RADIOACTIVE debris was found on a rail wagon used to carry flasks of spent nuclear fuel from Oldbury power station, through Berkeley and on to Sellafield.

The small fragments were discovered during monitoring of the wagon when the fuel arrived at the Sellafield reprocessing site on Friday, May 30.

It is thought the contamination was picked up on the feet of a flask when it was in a cooling pond at Oldbury, which is in the process of being decommissioned.

Although the flask was monitored before leaving the plant, the contamination was not detected, possibly because the flask’s feet were 'rough'.

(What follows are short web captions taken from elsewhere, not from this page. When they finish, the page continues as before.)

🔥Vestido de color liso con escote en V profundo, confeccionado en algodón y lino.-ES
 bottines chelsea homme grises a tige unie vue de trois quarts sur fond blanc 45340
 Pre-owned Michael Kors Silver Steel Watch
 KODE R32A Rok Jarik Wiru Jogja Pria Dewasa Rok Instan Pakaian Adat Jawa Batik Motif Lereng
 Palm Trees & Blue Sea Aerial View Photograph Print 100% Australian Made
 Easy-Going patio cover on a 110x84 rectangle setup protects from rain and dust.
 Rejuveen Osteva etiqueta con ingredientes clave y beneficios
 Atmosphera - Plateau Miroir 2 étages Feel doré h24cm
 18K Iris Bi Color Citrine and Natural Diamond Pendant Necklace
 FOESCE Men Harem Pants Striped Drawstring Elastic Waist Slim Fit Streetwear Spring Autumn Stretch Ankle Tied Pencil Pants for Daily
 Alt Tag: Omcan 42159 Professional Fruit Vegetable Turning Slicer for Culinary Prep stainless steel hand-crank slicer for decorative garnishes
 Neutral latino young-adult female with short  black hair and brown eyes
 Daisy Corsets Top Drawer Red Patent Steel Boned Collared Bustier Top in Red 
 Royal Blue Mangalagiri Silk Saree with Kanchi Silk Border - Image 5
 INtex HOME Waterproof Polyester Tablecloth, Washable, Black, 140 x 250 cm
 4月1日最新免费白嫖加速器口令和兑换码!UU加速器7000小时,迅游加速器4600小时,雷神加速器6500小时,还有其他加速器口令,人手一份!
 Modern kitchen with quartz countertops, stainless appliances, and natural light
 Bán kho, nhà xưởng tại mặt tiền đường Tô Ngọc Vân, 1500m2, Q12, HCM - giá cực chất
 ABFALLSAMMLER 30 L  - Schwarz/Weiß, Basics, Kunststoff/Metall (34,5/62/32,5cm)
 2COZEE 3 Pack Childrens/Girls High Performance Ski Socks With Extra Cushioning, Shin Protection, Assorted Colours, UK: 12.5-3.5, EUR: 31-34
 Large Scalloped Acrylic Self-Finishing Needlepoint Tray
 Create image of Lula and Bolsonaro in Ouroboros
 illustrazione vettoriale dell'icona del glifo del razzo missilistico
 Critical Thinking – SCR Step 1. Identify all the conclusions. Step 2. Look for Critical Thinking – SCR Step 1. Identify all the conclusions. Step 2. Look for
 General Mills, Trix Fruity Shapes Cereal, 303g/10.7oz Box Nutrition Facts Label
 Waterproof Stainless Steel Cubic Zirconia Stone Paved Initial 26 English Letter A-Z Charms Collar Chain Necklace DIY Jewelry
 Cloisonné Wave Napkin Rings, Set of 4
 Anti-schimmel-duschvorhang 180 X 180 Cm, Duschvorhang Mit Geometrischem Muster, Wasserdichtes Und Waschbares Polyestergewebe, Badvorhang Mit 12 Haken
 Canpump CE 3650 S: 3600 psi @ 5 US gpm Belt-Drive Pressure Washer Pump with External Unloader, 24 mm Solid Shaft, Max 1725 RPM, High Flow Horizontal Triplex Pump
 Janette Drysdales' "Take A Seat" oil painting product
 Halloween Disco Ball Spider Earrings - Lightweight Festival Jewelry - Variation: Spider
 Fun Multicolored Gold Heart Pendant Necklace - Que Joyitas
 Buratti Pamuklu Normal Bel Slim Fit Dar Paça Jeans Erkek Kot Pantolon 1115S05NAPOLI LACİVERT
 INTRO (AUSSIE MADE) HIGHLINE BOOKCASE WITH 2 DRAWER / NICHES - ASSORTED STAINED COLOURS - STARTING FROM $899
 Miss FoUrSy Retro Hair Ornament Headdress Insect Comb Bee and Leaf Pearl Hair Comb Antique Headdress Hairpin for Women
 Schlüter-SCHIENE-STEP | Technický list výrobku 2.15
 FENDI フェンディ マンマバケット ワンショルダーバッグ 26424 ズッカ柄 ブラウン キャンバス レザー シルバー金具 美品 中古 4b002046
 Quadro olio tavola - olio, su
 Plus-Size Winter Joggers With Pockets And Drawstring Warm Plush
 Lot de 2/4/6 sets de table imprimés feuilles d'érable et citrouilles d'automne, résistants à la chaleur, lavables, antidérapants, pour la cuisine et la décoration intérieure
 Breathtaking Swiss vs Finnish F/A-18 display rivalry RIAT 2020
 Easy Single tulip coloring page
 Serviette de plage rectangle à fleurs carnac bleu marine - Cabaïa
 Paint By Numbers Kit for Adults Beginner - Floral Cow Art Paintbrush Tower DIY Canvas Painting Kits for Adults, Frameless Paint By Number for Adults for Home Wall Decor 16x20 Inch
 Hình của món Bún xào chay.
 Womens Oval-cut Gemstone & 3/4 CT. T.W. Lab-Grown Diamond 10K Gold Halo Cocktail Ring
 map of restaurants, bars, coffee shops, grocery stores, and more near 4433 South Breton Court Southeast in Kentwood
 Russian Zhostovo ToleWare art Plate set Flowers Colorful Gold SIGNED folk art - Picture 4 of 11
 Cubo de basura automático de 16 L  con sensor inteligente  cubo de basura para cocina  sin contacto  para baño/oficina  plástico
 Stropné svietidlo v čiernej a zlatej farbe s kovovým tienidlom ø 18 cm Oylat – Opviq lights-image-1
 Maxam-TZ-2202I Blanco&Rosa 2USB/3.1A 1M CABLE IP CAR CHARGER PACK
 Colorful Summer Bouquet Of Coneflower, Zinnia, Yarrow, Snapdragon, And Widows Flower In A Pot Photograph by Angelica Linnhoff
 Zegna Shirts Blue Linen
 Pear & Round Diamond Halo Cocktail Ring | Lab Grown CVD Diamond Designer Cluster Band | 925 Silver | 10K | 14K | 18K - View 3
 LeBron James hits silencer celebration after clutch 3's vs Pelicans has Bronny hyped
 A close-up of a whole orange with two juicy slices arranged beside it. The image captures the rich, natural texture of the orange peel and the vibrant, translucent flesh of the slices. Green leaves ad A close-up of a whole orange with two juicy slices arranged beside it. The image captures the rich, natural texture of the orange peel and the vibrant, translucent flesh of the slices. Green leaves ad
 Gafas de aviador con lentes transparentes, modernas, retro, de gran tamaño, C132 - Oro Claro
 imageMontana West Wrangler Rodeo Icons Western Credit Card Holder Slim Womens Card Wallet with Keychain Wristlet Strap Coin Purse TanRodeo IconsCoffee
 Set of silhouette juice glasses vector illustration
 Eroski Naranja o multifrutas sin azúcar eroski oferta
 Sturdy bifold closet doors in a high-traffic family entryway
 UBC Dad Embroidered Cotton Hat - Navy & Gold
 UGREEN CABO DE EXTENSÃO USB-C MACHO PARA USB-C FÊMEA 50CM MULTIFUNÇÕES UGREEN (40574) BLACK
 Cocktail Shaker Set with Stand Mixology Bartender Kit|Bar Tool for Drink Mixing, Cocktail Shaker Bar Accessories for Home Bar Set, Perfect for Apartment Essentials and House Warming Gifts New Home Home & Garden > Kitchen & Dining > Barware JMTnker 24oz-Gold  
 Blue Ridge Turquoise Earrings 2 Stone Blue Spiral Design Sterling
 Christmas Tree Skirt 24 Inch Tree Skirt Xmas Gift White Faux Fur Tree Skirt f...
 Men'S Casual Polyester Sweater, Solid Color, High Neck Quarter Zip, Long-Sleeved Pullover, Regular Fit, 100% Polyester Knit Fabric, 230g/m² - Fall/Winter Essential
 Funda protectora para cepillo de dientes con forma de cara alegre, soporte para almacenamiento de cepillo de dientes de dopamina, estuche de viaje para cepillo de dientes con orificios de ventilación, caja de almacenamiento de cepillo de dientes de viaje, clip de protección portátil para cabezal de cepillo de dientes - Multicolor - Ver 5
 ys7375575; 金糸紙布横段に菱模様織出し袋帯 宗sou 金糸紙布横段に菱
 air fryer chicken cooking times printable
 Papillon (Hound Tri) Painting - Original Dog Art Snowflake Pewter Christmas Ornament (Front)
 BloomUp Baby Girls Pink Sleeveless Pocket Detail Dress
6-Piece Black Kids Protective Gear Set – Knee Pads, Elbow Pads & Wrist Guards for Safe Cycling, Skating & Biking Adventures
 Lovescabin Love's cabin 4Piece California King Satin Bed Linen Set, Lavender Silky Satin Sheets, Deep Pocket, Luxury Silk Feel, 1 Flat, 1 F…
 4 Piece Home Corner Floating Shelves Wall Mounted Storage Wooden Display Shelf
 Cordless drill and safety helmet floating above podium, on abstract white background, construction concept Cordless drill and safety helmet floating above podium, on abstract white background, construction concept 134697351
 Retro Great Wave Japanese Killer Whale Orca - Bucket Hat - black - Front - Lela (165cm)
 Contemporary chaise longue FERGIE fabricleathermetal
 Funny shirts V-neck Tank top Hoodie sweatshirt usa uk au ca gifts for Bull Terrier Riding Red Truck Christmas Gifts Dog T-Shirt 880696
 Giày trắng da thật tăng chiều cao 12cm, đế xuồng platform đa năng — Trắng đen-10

Members of the Oldbury Site Stakeholder Group were told the feet were not perfectly smooth and metallic debris in the pond could have been pressed into them, escaping detection.

Only on arrival at Sellafield had the material loosened.

Rob Ledger, deputy site director at Oldbury, told the group that flasks were taken first by road from Oldbury to the Berkeley railhead before being loaded onto rail wagons, near a Sharpness playground.

“The rail wagons are securely locked during shipments of spent fuel and no staff or members of the public were exposed to radiation at any point during the transport operations," he said.

“Nevertheless, this was a significant event and we instigated an investigation that has now been concluded and recommendations made.”

A clean-up of the cooling ponds has also been carried out.

However Berkeley resident and district Cllr Liz Ashton was unconvinced by their assurances.

"I do not care what they say about no danger, children do not always stay where they are supposed to play and people walk around that area in Sharpness," she said.

"This sort of thing should not happen."

The incident was reported to the Office for Nuclear Regulation (ONR) and the plant has now improved its monitoring instruments and given extra training to staff.

Peter Dickenson of the ONR said it had considered whether any regulatory action was warranted but decided instead to issue a letter.

However, he warned that “it won’t just be a letter next time” if there was any repeat incident, which could involve a notice of improvement being issued.

He said Magnox, which operates the station, had conducted its own investigation into the circumstances surrounding the incident and made recommendations for improvements, which Oldbury was implementing.

He said: “We are confident that action put into place should eliminate the possibility of a repeat.”

Malcolm Lynden, the group’s chairman, said: “This has been a wake-up call for the site.”

Mr Ledger also reported a “significant near miss” to the meeting which involved a hook and chain weighing 18kg becoming detached and falling from a pile cap crane.

No-one was in the vicinity of the incident at the time but an immediate investigation was started into how it had happened.

Mr Ledger said: “These were two very disappointing and very significant events and we have taken them very seriously.”